FibreChannel setup in PVE. Weird packet drops on VMs running on 2nd node added after 1st node.

Cobus · Apr 7, 2025

Hi

I have recently strarted using proxmox and have a cluster running fine.

I have a Huawei server with 6 blades and a big SAN attached to them that i reloaded Proxmox onto
I setup the SAN to be a FibreChannel rather than iSCSI as we have speed issues with a current iSCSI that we are using
Managed to setup the Fibrechannel on firse node by following 2 guides:

https://pve.proxmox.com/wiki/Multipath
https://www.youtube.com/watch?v=aF2QUbmxvcw

These where my steps on first node
Install Proxmox, then run a handy script that enables non-sub repositories and updates proxmox then restart node.

Then apt update, followed by apt install multipath-tools, also did apt install grub-efi-amd64, reboot

Then fdisk -l

found 2 devices (well 4 they each repeat twice)

Disk /dev/sdb: 17.28 TiB, 19002344603648 bytes, 37113954304 sectors
Disk model: XSG1
Units: sectors of 1 * 512 = 512 bytes
Sector size (logical/physical): 512 bytes / 512 bytes
I/O size (minimum/optimal): 512 bytes / 512 bytes

Disk /dev/sdc: 139.93 TiB, 153854788239360 bytes, 300497633280 sectors
Disk model: XSG1
Units: sectors of 1 * 512 = 512 bytes
Sector size (logical/physical): 512 bytes / 512 bytes
I/O size (minimum/optimal): 512 bytes / 512 bytes

To get wwid on device /lib/udev/scsi_id -g -u -d /dev/sdc (and sdb)

Now add the wwid to the system

multipath -a 36785860100b13fad1aa17fca00000001
multipath -a 36785860100b13fad1aa1950100000002

Update system with multipath -r

Create a file /etc/multipath.conf (fcpath1 and 2 is names that i chose)

defaults {
find_multipaths yes
user_friendly_names yes
}
blacklist {
devnode "^hd[a-z][[0-9]*"
devnode "^sda$"
}
multipaths {

multipath {
wwid "36785860100b13fad1aa17fca00000001"
alias "fcpath1"
}

multipath {
wwid "36785860100b13fad1aa1950100000002"
alias "fcpath2"
}

}

To see if system is working i run multipath -ll

fcpath1 (36785860100b13fad1aa17fca00000001) dm-5 HUAWEI,XSG1
size=17T features='1 queue_if_no_path' hwhandler='0' wp=rw
`-+- policy='service-time 0' prio=1 status=active
|- 11:0:0:1 sdb 8:16 active ghost running
`- 12:0:0:1 sdd 8:48 active ready running
fcpath2 (36785860100b13fad1aa1950100000002) dm-6 HUAWEI,XSG1
size=140T features='1 queue_if_no_path' hwhandler='0' wp=rw
`-+- policy='service-time 0' prio=1 status=active
|- 11:0:0:2 sdc 8:32 active ready running
`- 12:0:0:2 sde 8:64 active ghost running

Now i run
pvcreate /dev/mapper/fcpath1
pvcreate /dev/mapper/fcpath2

and then

vgcreate fastsas /dev/mapper/fcpath1
vgcreate slowsas /dev/mapper/fcpath2

Then i went into WebGui and added the node to my cluster.
Then i went tp Datacenter, Storage and click ADD and select LVM. ID i made FCfast and select volume fastsas and selected the node and select shared. did the same with other but called it FCslow

All works well i can migrate live vms to it, vms run fine they can ping and see internet all is good. pinging them from outside computers they can ping fine no packet losses.

Now i have 4 more nodes that are also connected to same SAN. I installed proxmox on 3 of them. followed same steps as first one exept i stop right before i run pvcreate and vgcreate. because as i understand it this will destroy the data on the devices? am i wrong?

I then add them to node, go to datacenter and just add the node name to FCfast LVM and FCslow LVM.

The LVMs comes up under the storage things i can migrate offline VMs to them no problem, but live VM the migration succeeds and fails the VM does not recover it is offline. i need to manually start it, no biggy.

But now i have a weird problem.
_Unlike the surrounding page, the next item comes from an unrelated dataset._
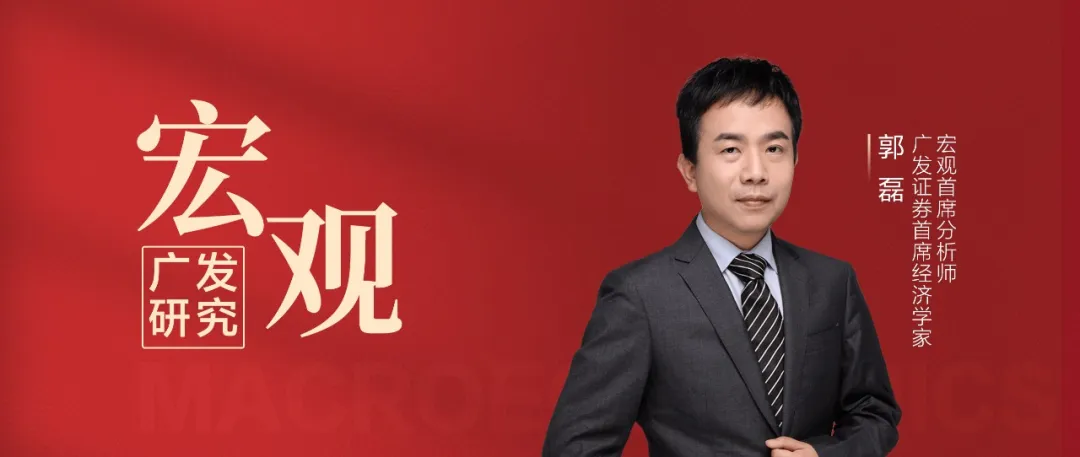 广发宏观 | 四中全会公报关键细节研读
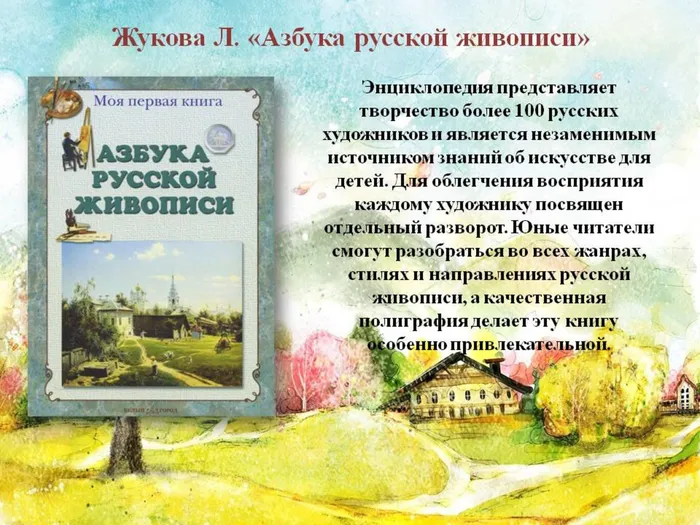 Слайд7.JPG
VMS running on 2nd, 3rd and 4th node can ping outwards with no packet loss. BUT pinging from outside computers to them i get either no reply or massive packet loss of 15-25%.
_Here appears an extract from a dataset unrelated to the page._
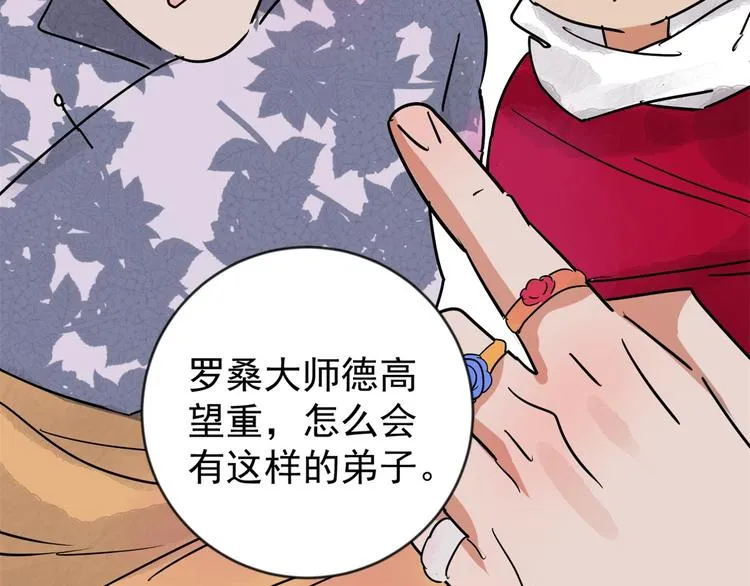 第46话 恶少的刁难（二） 第13页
as i have seen on this post https://forum.proxmox.com/threads/fiber-channel-setup.35225/

"- you must manually configure the SAN Backed LVM storage, from each proxmox node. There is not any 'automatic propigation' of shared storage from one Proxmox node to other nodes, for any (!) of the shared storage types, as far as I am aware (ie, iSCSI, etc)

ie, you basically

- setup on first proxmox node
- then go to second node,
- only step you won't have to repeat, is the creation of the LVM on the SAN Disk volume. But you do need to 'add' the storage into the proxmox node. Flag it as type = shared with the check-box option. Then it comes online. You must rinse and repeat this config process on all nodes who need access to the shared storage."

the "you must manually configure the SAN Backed LVM storage, from each proxmox node." which i believe i did with multipath?

but i dont understand:
"you do need to 'add' the storage into the proxmox node. Flag it as type = shared with the check-box option. Then it comes online. You must rinse and repeat this config process on all nodes who need access to the shared storage."
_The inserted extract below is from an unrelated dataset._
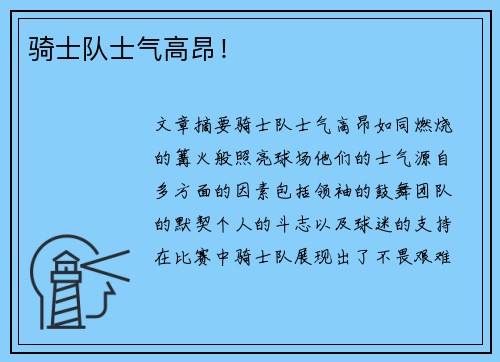 骑士队士气高昂！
you cant add it to the node itself you have to do it via Datacenter that is cluster wide

now my theory is that the FibreChannel settings was not completed on 2nd, 3rd and 4th node. and they are accessing the FCfast and FCslow over network with node1 and thats causing issues... well im dont know i am spit balling

Should i run pvcreate and vgcreate on 2nd, 3rd and 4th node as well? does this just create a physical volume and volume group on the node and does not touch the data on the SAN?

running multipath -ll gives same results on all 4 nodes

i can ping node 1, 2, 3, 4 and the vms on node 1 and vms on node 2 (nothing on 3 and 4 yet) at same time and only vms on node 2 will drop packets while nodes are stable and VMs on node 1 also stable, so its not the nodes network interfaces. (VM on node 3 ping the internet fine but had 100% packet lost when pinging it from another device so migrated it to node 1) VMS work fine if i migrate them to node 1 or other nodes in cluster where they origionally was.

all 4 nodes use same network interface, its basically a virtual interface that the huawei server make available to all blades.
all 4 nodes have identical interface config (except ips ofcourse), hosts file and resolv.conf file

all Nodes are on same management vlan 210 (have gateway and dns but blocked outside comms are block on firewall)
all Nodes are on same Proxmox cluster vlan 220
all Nodes are on same iSCSI vlan 210
all Nodes are on same vlan 10 as servers that they are hosted just in case.
All servers and devices used to do ping test is either on vlan 10 or has full access to vlan 10 via firewall rules.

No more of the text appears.